# WHAT THE TASK REQUIRES
All pictures are to be skipped; retype only the lines from the top of the entries through the line with "Remove the hard disk drive —", both included.

Data excerpts:
__________
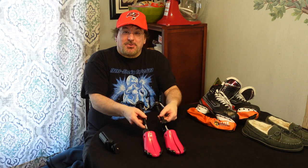Hey folks, it's Dave here in Studio C. As you know, we talk about all kinds of things here on the channel, and today we're going to talk about shoe stretchers. Do they really work? I'm going to tell you my story.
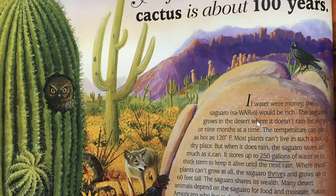Now that we've read this passage one time, what have you learned about saguaro cactuses? Turn and talk. There was a lot of interesting information in here. One interesting thing that I learned is that a saguaro cactus can store up to 250 gallons of water in its stem, which is pretty amazing.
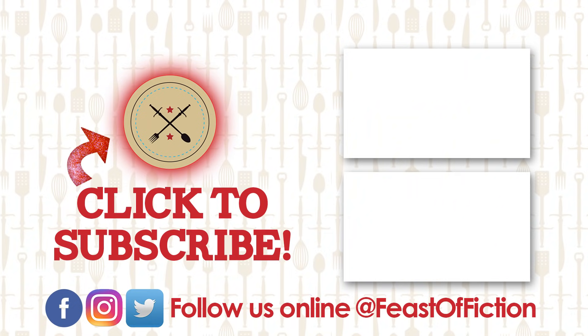Alright, we'll see you guys next time. Bye-bye!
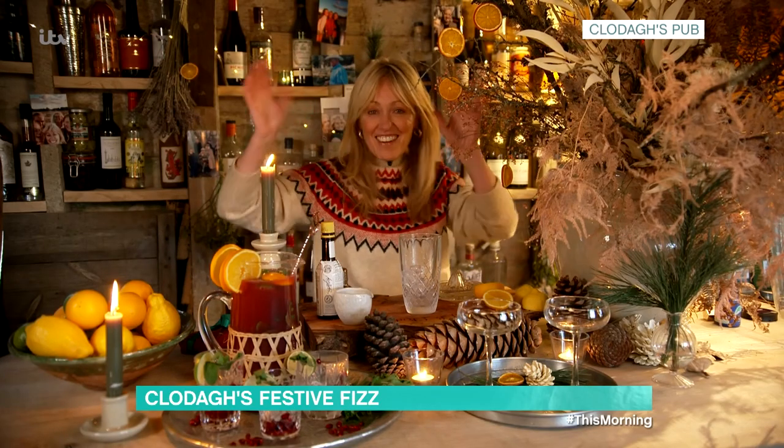If the answer needs topping up, then Clodagh is here to help. She's adding some extra fizz to your Christmas day by sharing her favourite tipples. Merry Christmas!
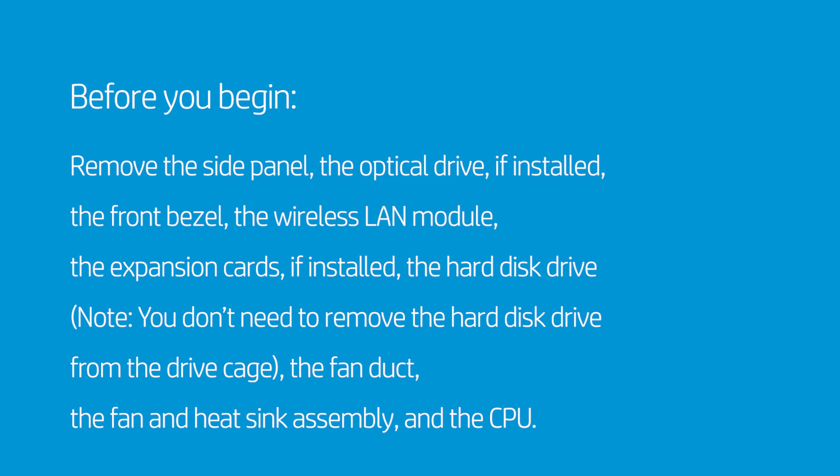Remove the hard disk drive — you don't need to remove the hard disk drive from the drive cage — then remove the fan duct, the fan and heat sink assembly, and the CPU.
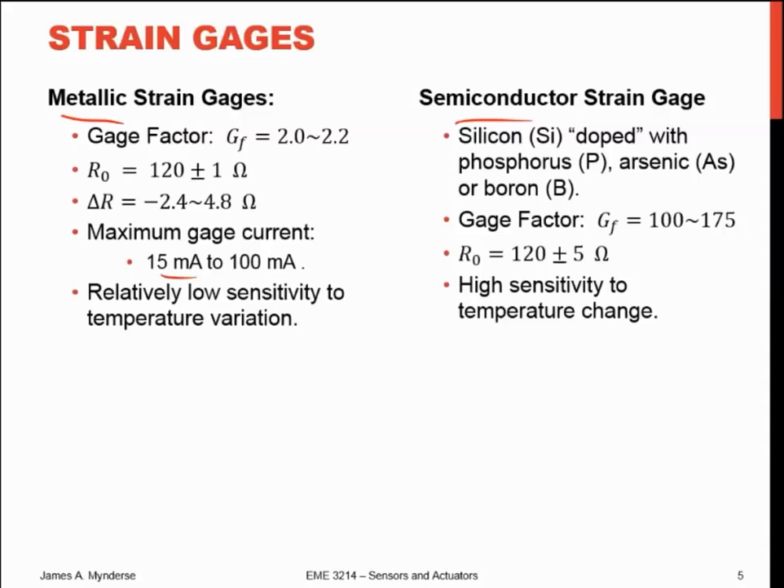One good thing about metallic strain gauges is they're not very sensitive to temperature variation. Any conductor is going to vary in resistivity with temperature, but metallic conductors are not too bad. Semiconductors, however, change a lot with temperature — and that's the problem with those. Semiconductor strain gauges — silicon doped with phosphorus, arsenic, or boron — have gauge factors about 20 times larger: on the order of 100 instead of 2. So it's nice to get a much bigger signal, but the downside is they're sensitive to temperature change, and you have to somehow compensate for that.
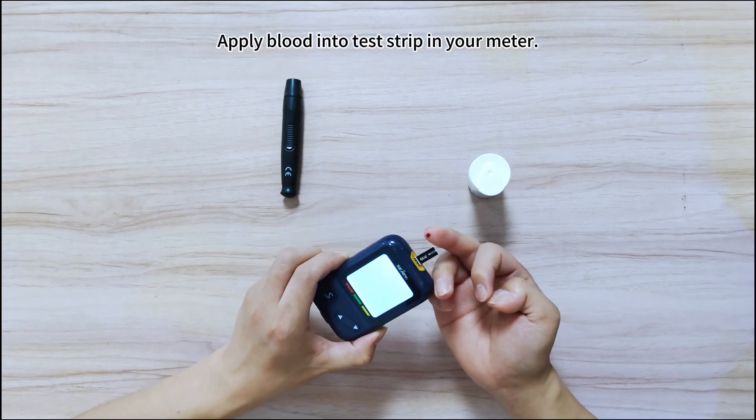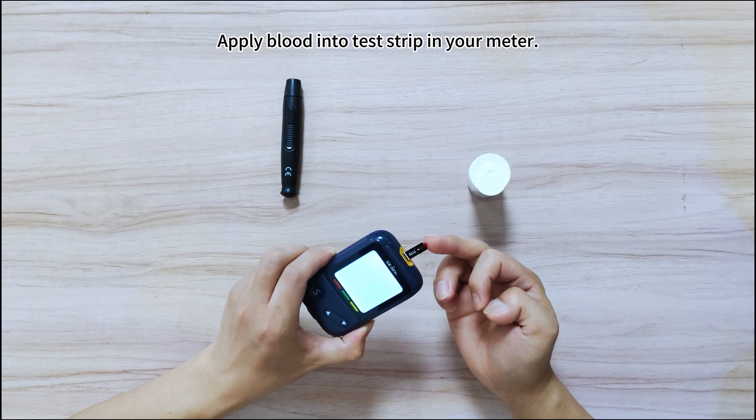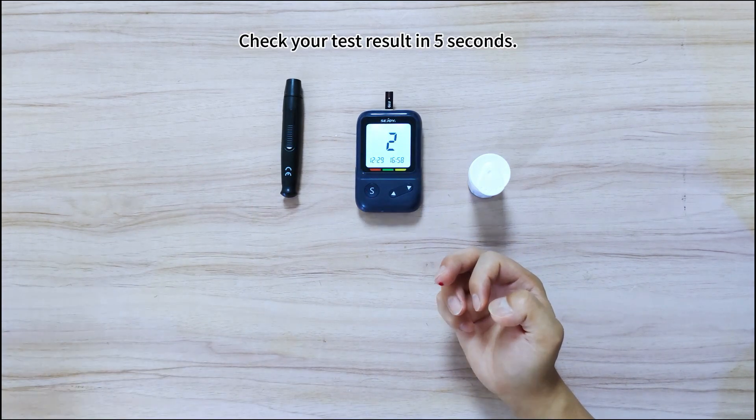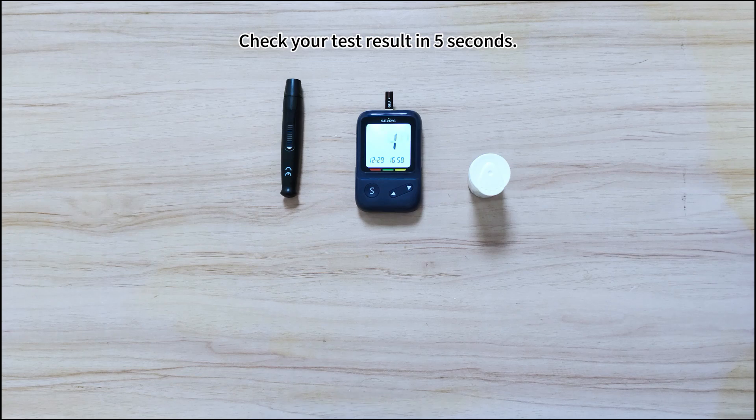Apply the blood drop into the channel of the test strip until the channel is fully filled. Wait for 5 seconds and check your blood glucose test result along with the date and time of the test.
__________
# RESPONSE
Hey folks, it's Dave here in Studio C. As you know, we talk about all kinds of things here on the channel, and today we're going to talk about shoe stretchers. Do they really work? I'm going to tell you my story.
Now that we've read this passage one time, what have you learned about saguaro cactuses? Turn and talk. There was a lot of interesting information in here. One interesting thing that I learned is that a saguaro cactus can store up to 250 gallons of water in its stem, which is pretty amazing.
Alright, we'll see you guys next time. Bye-bye!
If the answer needs topping up, then Clodagh is here to help. She's adding some extra fizz to your Christmas day by sharing her favourite tipples. Merry Christmas!
Remove the hard disk drive — you don't need to remove the hard disk drive from the drive cage — then remove the fan duct, the fan and heat sink assembly, and the CPU.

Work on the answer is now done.